ABOUT THIS EXERCISE – Would you repeat every entry below word for word but drop the images?

INPUT MATERIAL –

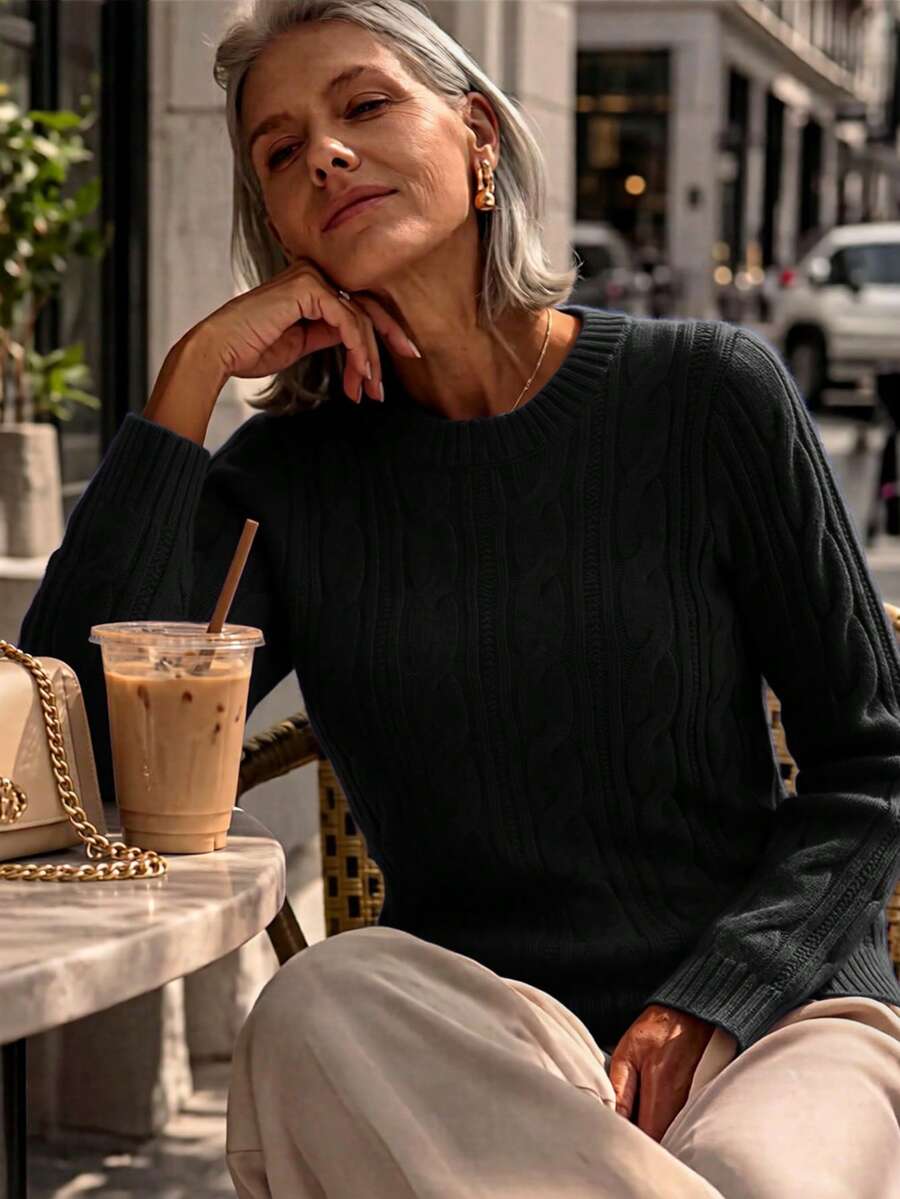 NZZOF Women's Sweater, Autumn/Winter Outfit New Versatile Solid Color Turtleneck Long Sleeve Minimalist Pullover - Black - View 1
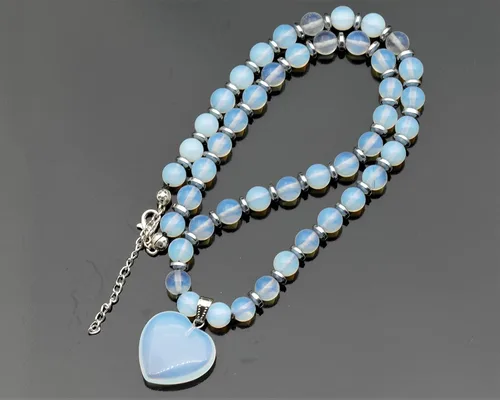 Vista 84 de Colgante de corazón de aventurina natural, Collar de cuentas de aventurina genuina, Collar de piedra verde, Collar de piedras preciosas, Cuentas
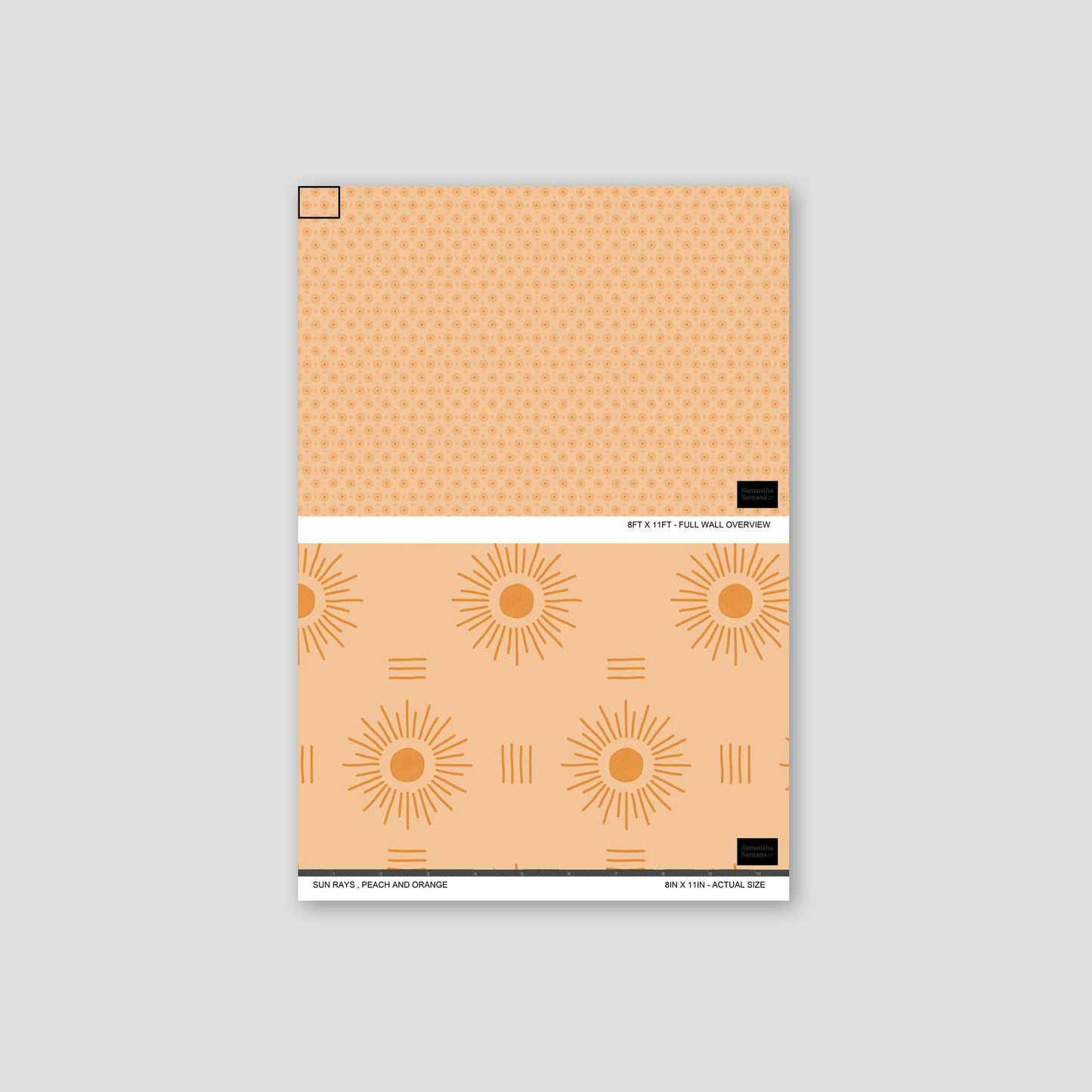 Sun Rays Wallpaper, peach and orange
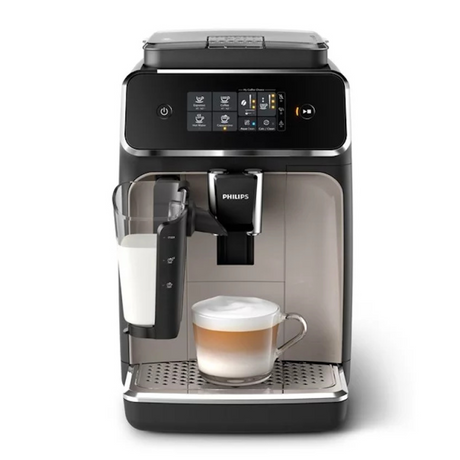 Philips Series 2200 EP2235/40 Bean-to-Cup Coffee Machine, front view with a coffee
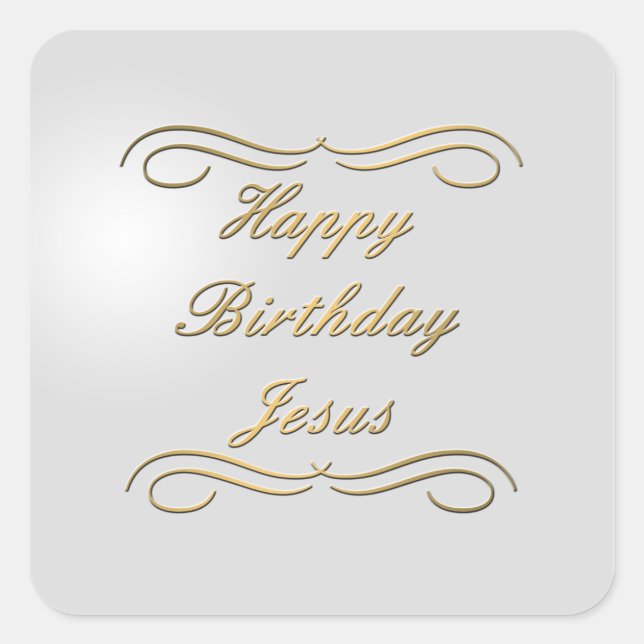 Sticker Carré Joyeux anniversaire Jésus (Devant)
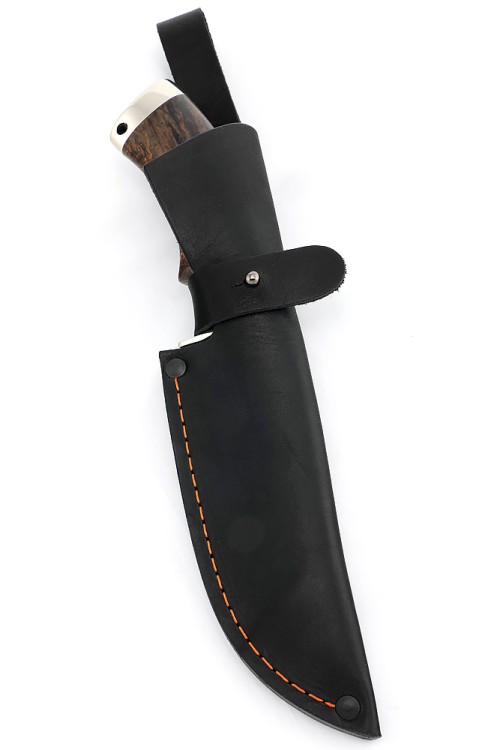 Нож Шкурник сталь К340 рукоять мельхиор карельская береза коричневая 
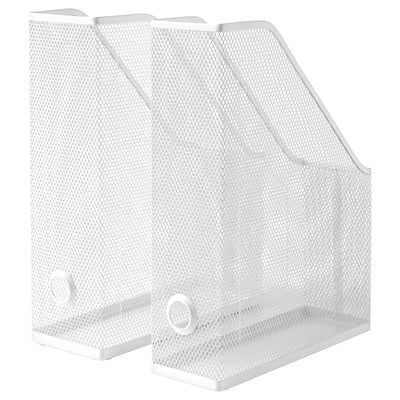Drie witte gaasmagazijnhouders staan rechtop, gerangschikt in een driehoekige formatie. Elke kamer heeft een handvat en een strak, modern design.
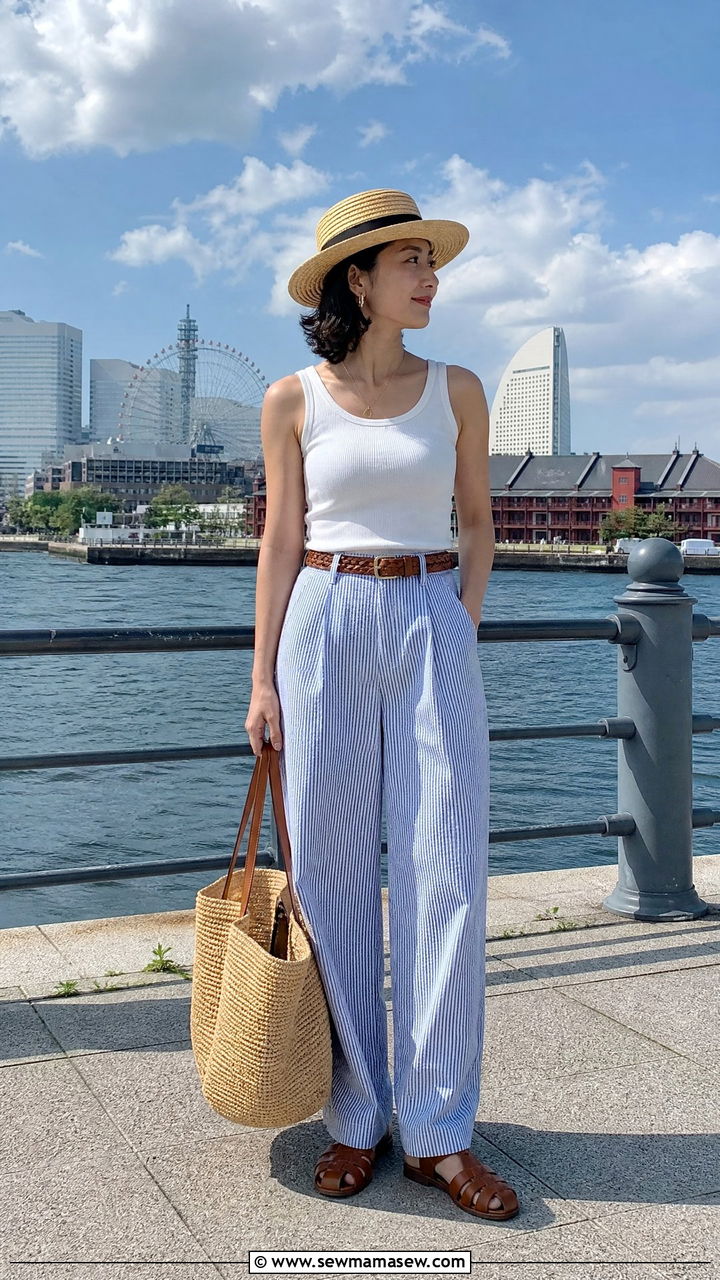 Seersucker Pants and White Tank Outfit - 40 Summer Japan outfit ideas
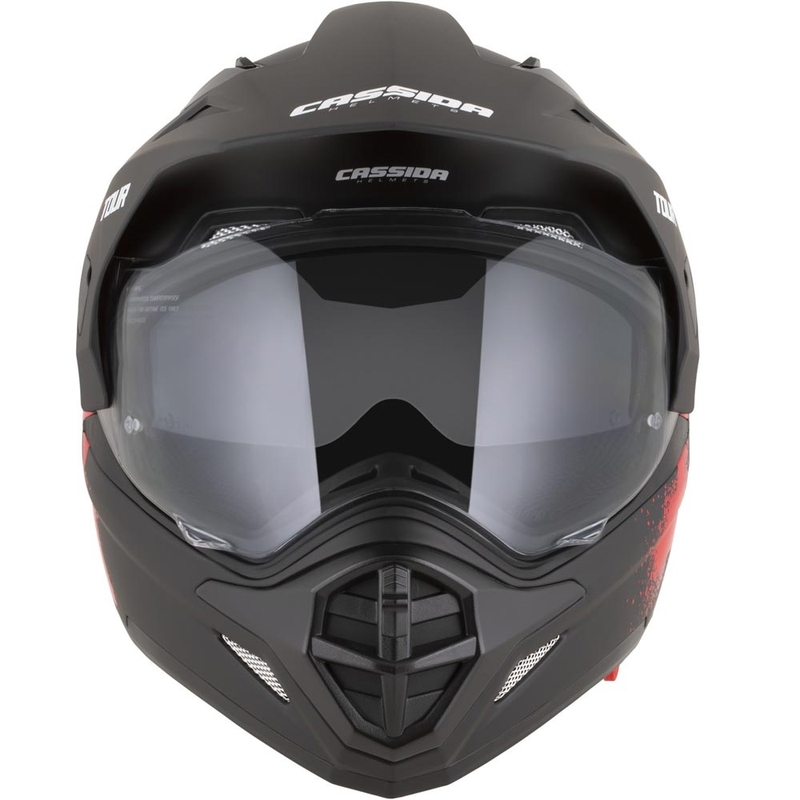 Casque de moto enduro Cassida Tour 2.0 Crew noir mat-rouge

YOUR RESPONSE –
 NZZOF Women's Sweater, Autumn/Winter Outfit New Versatile Solid Color Turtleneck Long Sleeve Minimalist Pullover - Black - View 1
 Vista 84 de Colgante de corazón de aventurina natural, Collar de cuentas de aventurina genuina, Collar de piedra verde, Collar de piedras preciosas, Cuentas
 Sun Rays Wallpaper, peach and orange
 Philips Series 2200 EP2235/40 Bean-to-Cup Coffee Machine, front view with a coffee
 Sticker Carré Joyeux anniversaire Jésus (Devant)
 Нож Шкурник сталь К340 рукоять мельхиор карельская береза коричневая 
Drie witte gaasmagazijnhouders staan rechtop, gerangschikt in een driehoekige formatie. Elke kamer heeft een handvat en een strak, modern design.
 Seersucker Pants and White Tank Outfit - 40 Summer Japan outfit ideas
 Casque de moto enduro Cassida Tour 2.0 Crew noir mat-rouge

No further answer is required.